-- Supplied data follows --

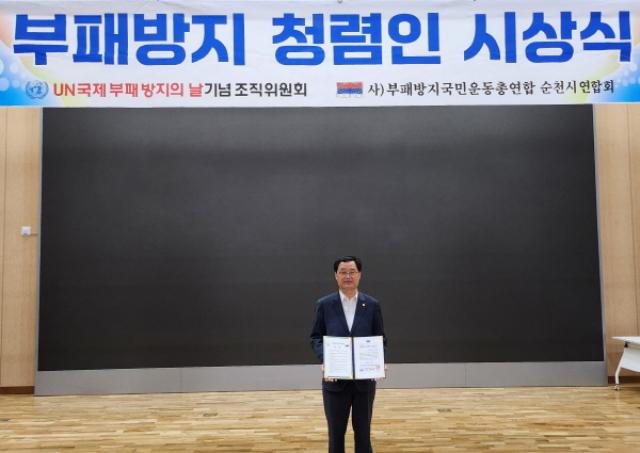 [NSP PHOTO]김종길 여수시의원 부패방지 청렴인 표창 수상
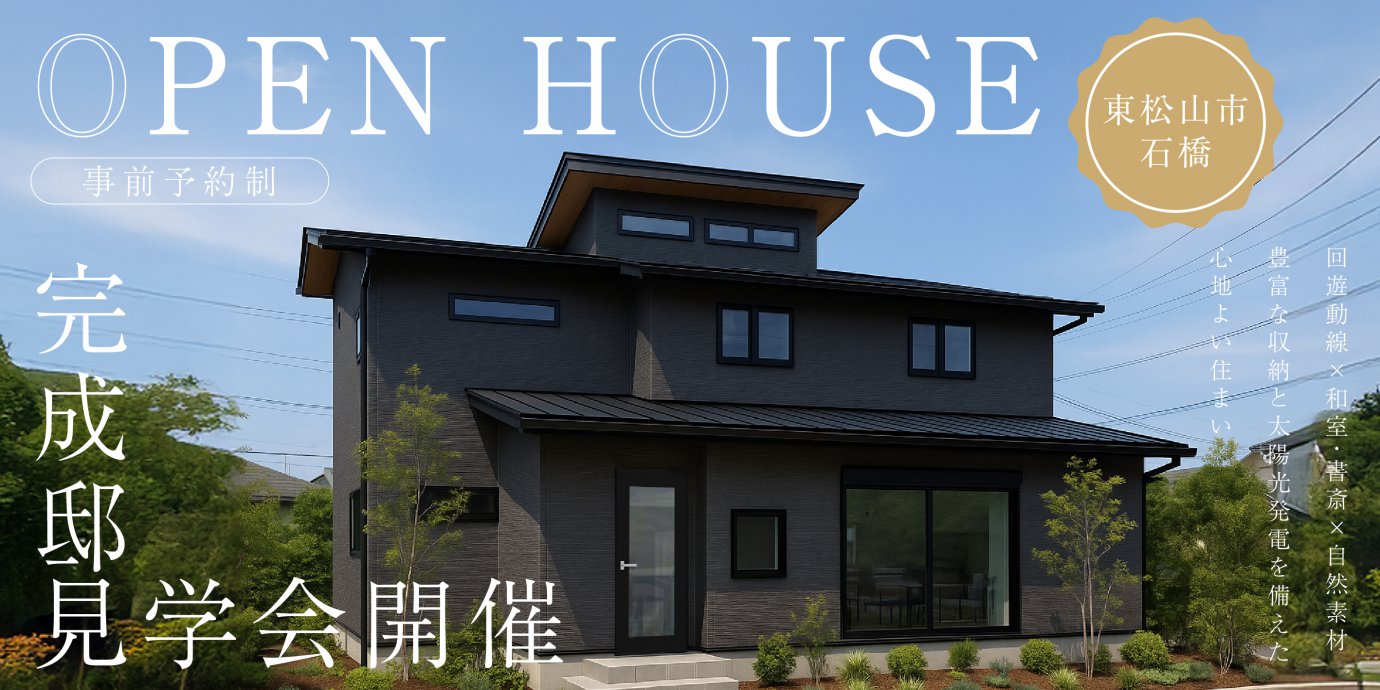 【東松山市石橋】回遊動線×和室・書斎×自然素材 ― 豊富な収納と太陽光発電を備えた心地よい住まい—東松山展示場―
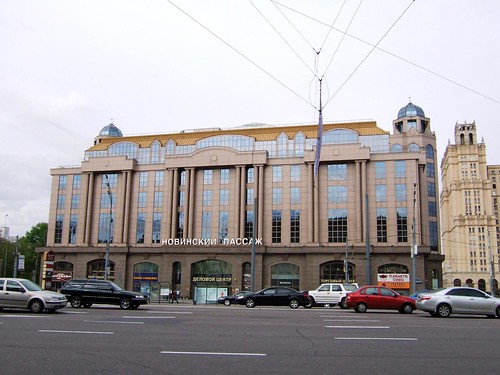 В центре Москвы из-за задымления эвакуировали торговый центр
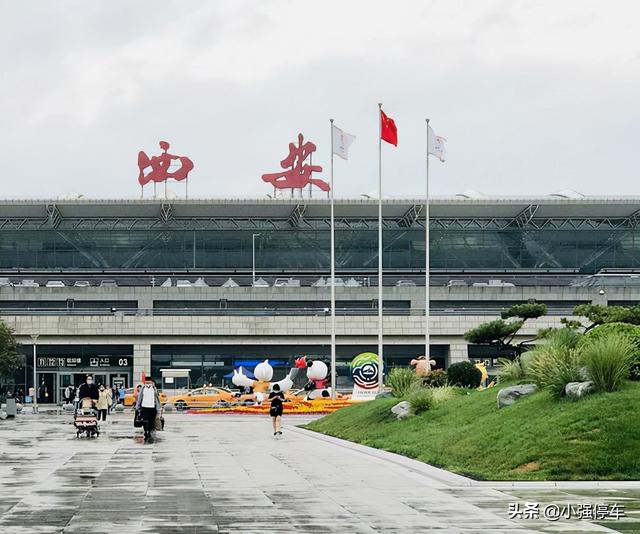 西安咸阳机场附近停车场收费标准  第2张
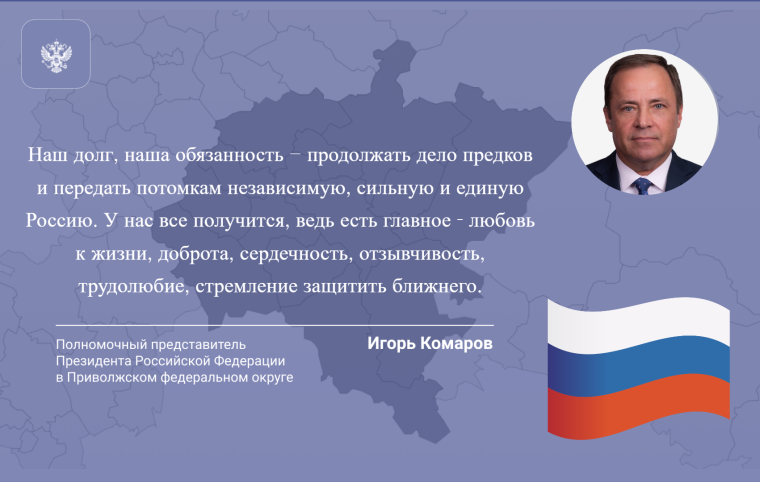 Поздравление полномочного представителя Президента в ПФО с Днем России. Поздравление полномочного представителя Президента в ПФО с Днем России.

-- Supplied data concluded --
-- Supplied data follows --

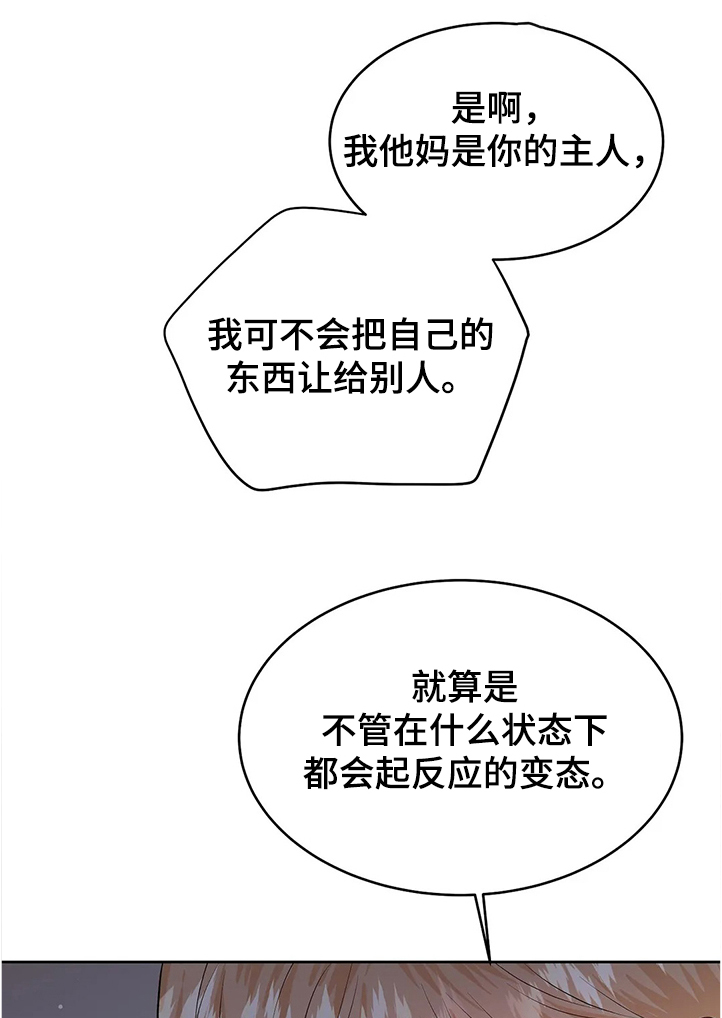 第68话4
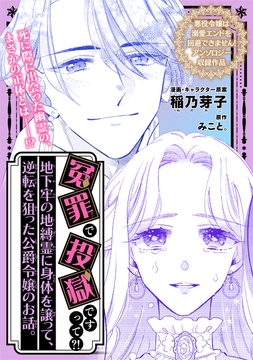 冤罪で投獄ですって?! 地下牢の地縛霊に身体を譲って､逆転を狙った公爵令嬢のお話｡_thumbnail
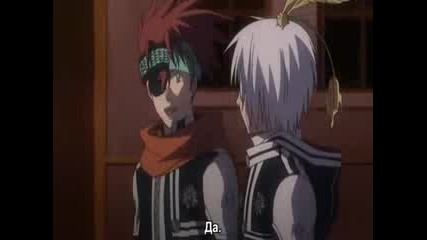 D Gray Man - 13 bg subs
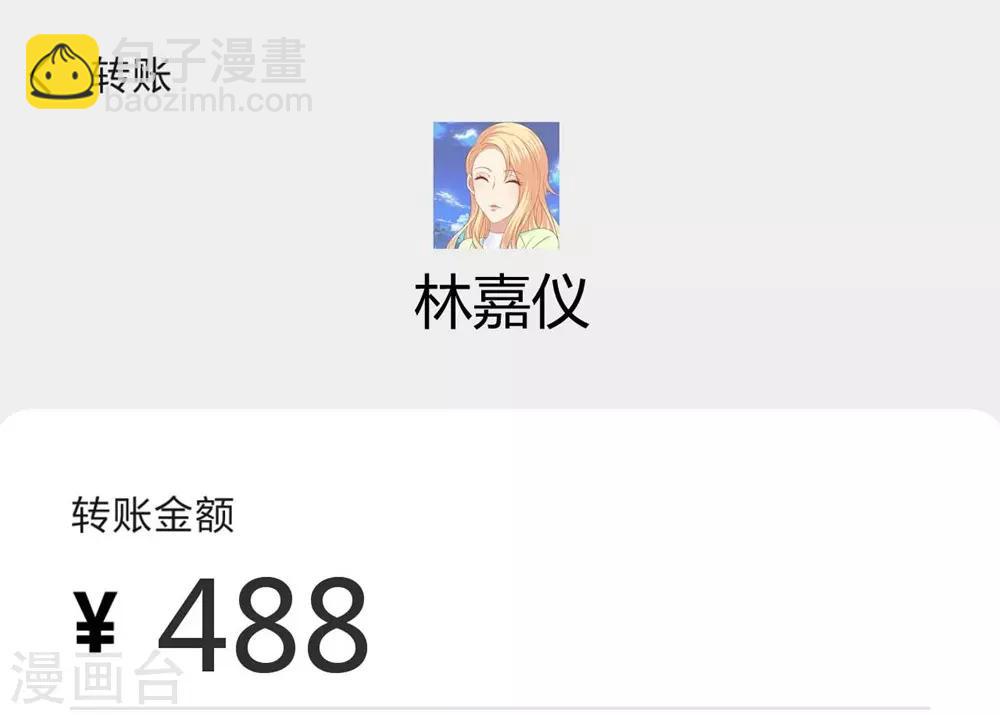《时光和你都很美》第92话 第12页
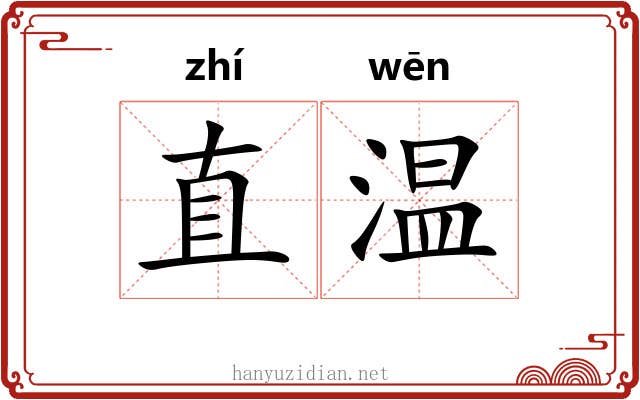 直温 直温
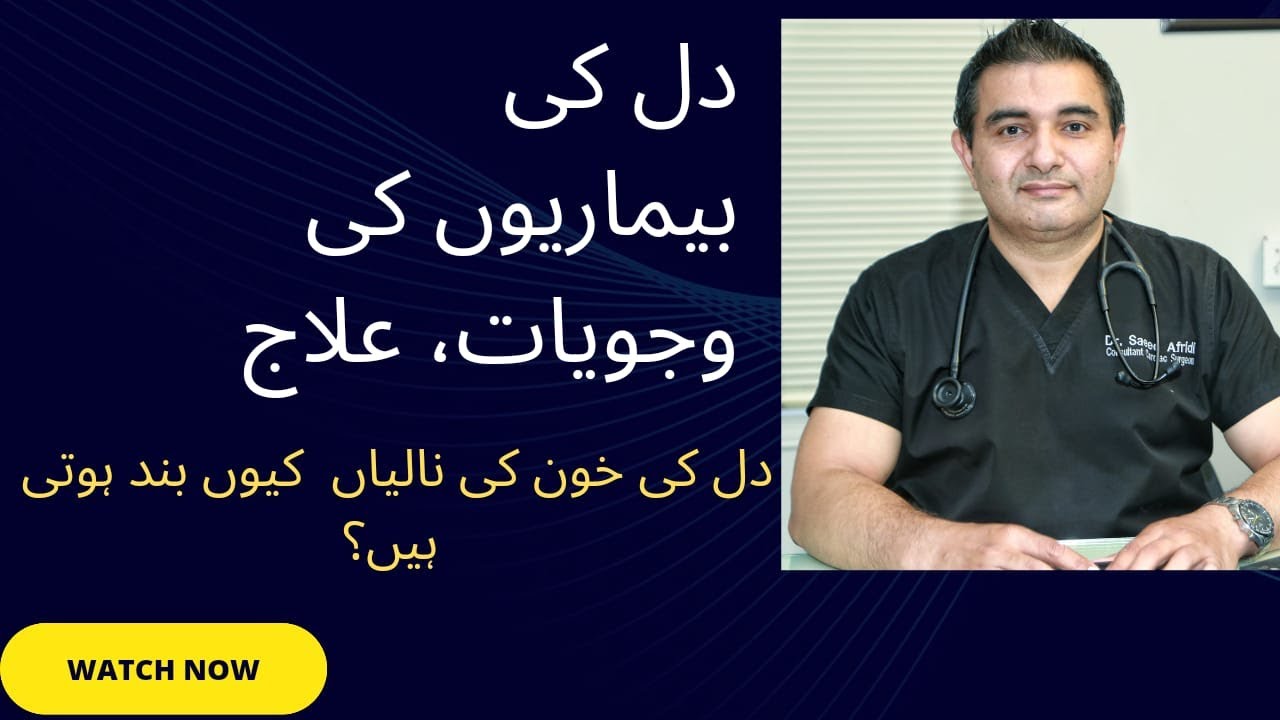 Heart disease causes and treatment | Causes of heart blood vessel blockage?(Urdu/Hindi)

-- Supplied data concluded --
-- Supplied data follows --

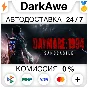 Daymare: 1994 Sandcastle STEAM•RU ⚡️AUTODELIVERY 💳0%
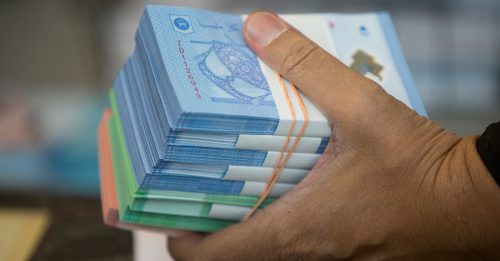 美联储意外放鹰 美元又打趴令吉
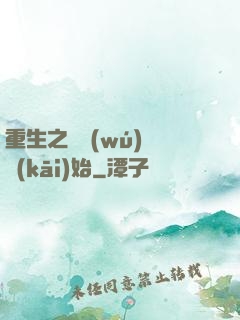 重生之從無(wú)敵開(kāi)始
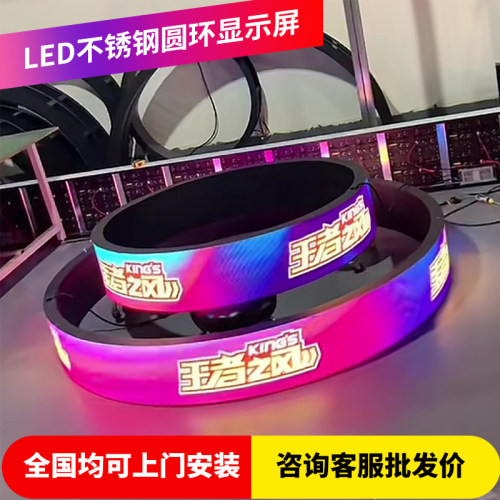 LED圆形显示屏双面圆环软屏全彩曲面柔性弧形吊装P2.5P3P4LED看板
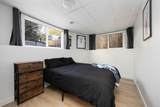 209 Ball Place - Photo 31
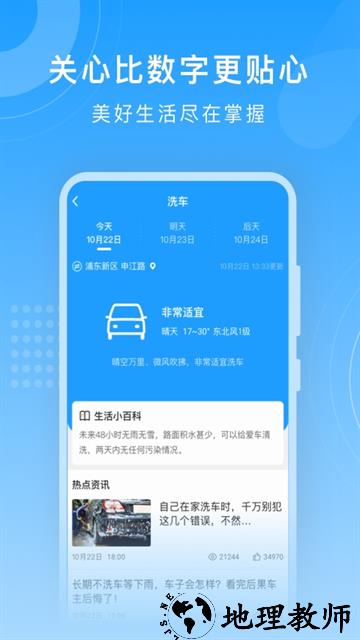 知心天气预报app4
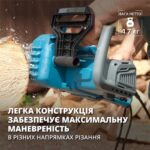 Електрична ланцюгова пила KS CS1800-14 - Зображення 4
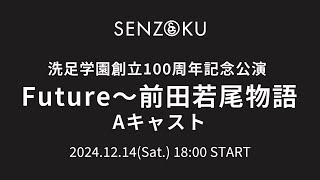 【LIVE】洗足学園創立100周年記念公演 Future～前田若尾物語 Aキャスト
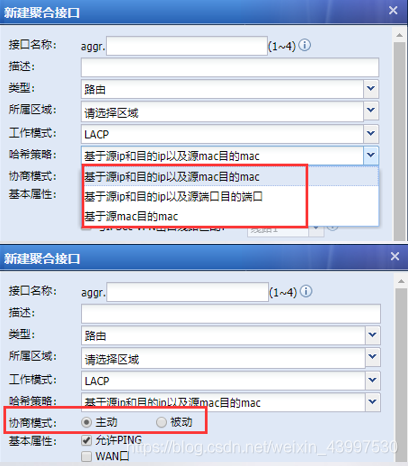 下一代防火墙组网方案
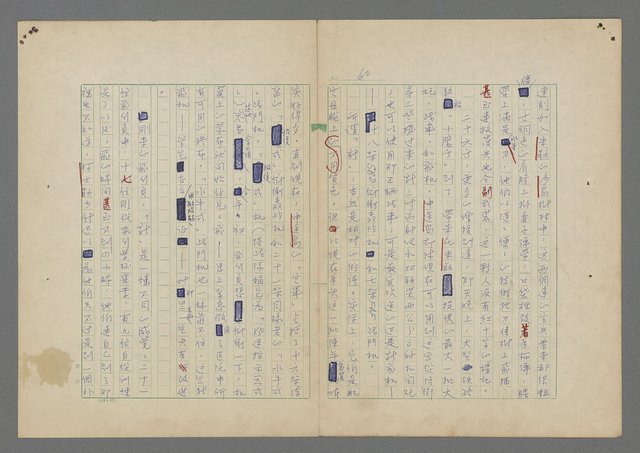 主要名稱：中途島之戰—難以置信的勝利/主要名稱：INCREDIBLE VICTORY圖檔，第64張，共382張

-- Supplied data concluded --

Please copy out from the data above, without any picture, exactly the lines running from the one that holds "[NSP PHOTO]김종길 여수시의원 부패방지 청렴인 표창 수상" through the one that holds "Днем России. Поздравление", and nothing beyond them.

## Solution for this task
 [NSP PHOTO]김종길 여수시의원 부패방지 청렴인 표창 수상
 【東松山市石橋】回遊動線×和室・書斎×自然素材 ― 豊富な収納と太陽光発電を備えた心地よい住まい—東松山展示場―
 В центре Москвы из-за задымления эвакуировали торговый центр
 西安咸阳机场附近停车场收费标准  第2张
 Поздравление полномочного представителя Президента в ПФО с Днем России. Поздравление полномочного представителя Президента в ПФО с Днем России.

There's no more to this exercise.